Après une vie au service de l’Education Nationale, la francophonie ne m’a pas abandonné car, comme responsable d’une association à but culturel et humanitaire qui aide les enfants pauvres dans les écoles francophones au Viêtnam, je continue d’espérer que le français reprendra sa place de prédilection dans mon pays natal.
Chaque fois que j’ai l’occasion de faire un retour aux sources, je suis heureusement surpris de rencontrer au hasard d’un parc ou autour d’un lac quelques « vieillards caressant leur barbe toute blanche » qui récitent encore du Lamartine ou du Hugo avec ce léger accent qui caractérise les hommes de mon pays. Dans leurs yeux, je vois poindre cette fierté qui remplit mon cœur de bonheur. Donnez-moi la main et venez avec moi, j’espère vous les présenter un jour...

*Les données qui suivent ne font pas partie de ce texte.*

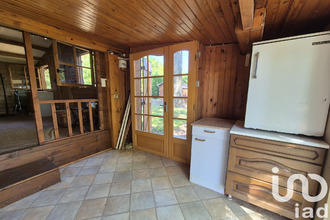 achat terrain laroche-st-cydroine 89400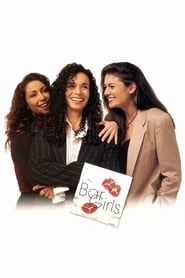Bar Girls series tv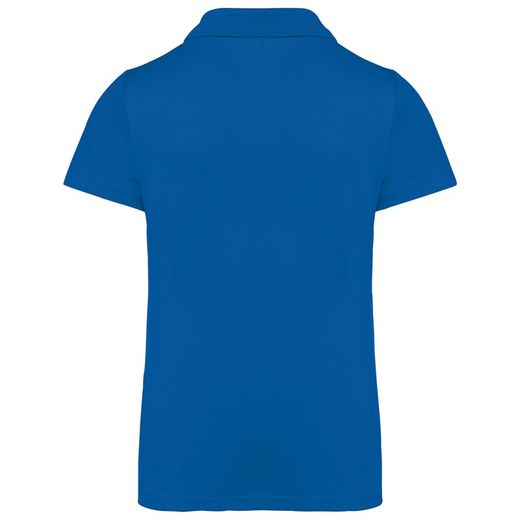 Jungen Kurzarm Polo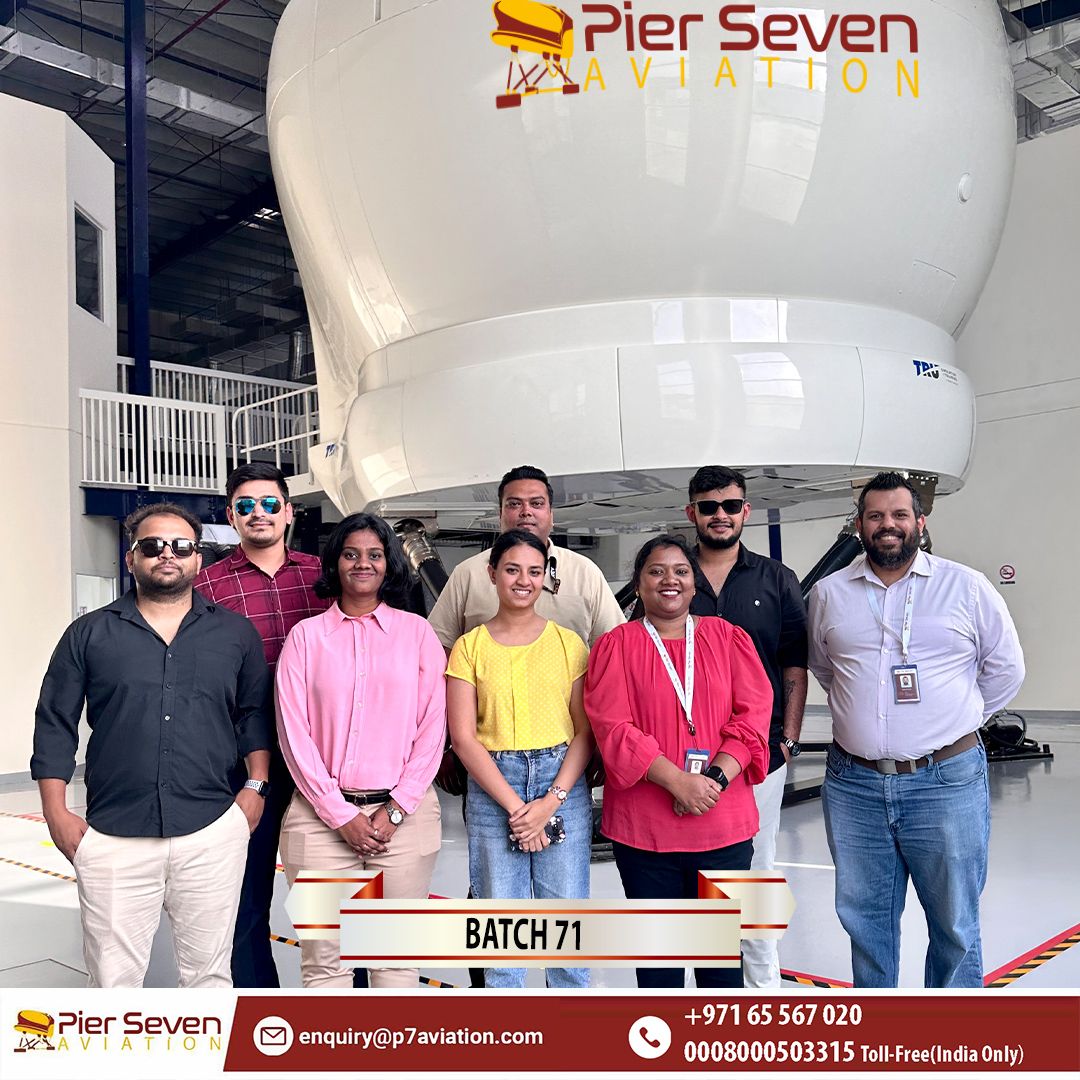 Pier Seven Aviation - Pilot Training AFM.aero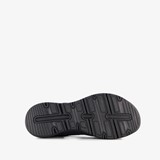 Dames sandalen zwart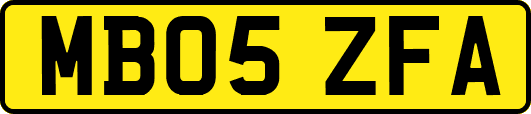MB05ZFA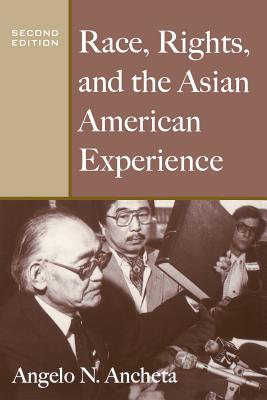 Race, Rights, and the Asian American Experience Cover Image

Au crépuscule de mon existence, je conserve cette passion pour la langue française et je ne remercierais jamais assez tous les professeurs qui l’ont éveillée en moi. Mes ancêtres n’étaient certes pas gaulois mais la France m’a tellement donné que j’accepte volontiers de partager mes racines entre Phạm Duy et Verlaine : ces grands poètes m’ont offert cette double culture qui a pleinement enrichi ma vie.